市原多代女

『すがゞさ日記』


 文政6年(1823年)正月25日、市原多代女は須賀川を立ち、2月3日に江戸に着く。

正月廿五日笠のひもしむるに、二日灸はわするまじ、馬に風ひかすなと申置て

鳥ならば主貌せよ梅の花

みちのくにうまれながら、はじめてこの関をこゆれば、何となう旅のうへゆかしくて

秋風のむかしは寒し春の花

芦野にとまり、姉の墓参などして、かの柳見侍るに、たびごゝろいまださだまらず、家のこと何くれとなくなどおもひ出られて

西東こゝろのうごく柳哉

大田原のやどりはいとつかれて句なし。明れば那須のはらにかゝる。二荒高はらなど聞ゆる大岳西にそばだち、蓬すゝきの枯ふしたるさまはいとものすごきけしき也けり

春浅し風は西ふく四五十里

日光御宮の莊厳にめもくれて、さらに句も出でず。
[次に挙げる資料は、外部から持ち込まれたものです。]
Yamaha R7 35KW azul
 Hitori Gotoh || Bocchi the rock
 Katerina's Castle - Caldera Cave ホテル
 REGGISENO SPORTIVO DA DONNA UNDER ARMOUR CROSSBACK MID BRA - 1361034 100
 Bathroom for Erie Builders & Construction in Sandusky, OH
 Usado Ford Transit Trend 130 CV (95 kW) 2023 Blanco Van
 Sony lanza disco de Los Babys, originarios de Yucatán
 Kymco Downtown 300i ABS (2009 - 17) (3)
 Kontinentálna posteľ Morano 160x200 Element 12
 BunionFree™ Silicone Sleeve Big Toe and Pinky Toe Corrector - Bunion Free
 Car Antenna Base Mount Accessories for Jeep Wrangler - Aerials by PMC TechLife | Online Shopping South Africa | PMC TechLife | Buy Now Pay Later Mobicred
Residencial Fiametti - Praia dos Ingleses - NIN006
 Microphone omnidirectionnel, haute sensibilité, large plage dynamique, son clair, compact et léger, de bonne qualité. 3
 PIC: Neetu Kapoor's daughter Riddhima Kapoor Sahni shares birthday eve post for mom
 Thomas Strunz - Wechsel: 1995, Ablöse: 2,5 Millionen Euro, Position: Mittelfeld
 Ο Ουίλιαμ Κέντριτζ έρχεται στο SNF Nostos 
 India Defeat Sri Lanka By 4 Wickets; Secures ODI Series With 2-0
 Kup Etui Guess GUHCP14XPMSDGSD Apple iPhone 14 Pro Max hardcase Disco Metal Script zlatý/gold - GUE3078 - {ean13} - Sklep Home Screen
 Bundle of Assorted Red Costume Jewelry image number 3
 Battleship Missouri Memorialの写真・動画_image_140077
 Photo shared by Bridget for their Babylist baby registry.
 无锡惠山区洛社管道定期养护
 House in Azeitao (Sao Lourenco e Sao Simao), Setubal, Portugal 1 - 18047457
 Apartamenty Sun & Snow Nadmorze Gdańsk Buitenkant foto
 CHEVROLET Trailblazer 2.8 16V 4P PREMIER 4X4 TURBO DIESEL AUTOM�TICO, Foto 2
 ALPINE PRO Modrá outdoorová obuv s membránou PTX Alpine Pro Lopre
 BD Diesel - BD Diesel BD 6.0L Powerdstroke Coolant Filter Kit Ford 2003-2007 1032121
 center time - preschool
されどおもふことなきにしもあらねば

鴬に申置ばやおもふ事

うぐいすに木草の匂ふ朝日かな

院々の雪がまひおごそかなる中に、梅のしろうさきたるもうれし

ほしの夜のやみとりかへせ梅の花

   杉の並木のいと珍らしくて

春風の光りも杉の並木かな

   うつのみやに出る

これぞこの筑波ははるの魂か

   すゞめのみやといへるすくの名もおかし

嵐雪の雀あつまる木の芽かな

   あやしの茶屋にやすらへば

乙鳥の下に山賣るはなしかな

   はじめて士峰を望む

父母に逢うたこゝちや富士の山

旅なれぬこゝろは、きくもの見るもの、野に山にめづらしく、それとさだめたる趣向もいでこず、ふところ紙にかいつけたるくさぐさ

日にいく度かはるこゝろぞ芹薺

令法秋は煙草のさくあたり

草枕まくらの下の春の水

黄鳥の來て匂ひけり畑芹

駕かくものゝつまづきて、たび硯うちまけたるもをかし

すりこぼす墨また寒し竹の春

小むしろの月に茶を賣る柳かな

米つくもわざとがましや春の月

はるの月柑子の匂ふ風がふく

   草 加

江戸ちかくなるや雲雀のいくところ

かねは上野か浅草か、そゞろにこゝろさはぎて、句も出ずなりぬ

 一具庵夢南の許に滞留。4月10日、帰路につく。鹿島、水戸、棚倉を通り、20日頃、須賀川の晴霞庵に戻る。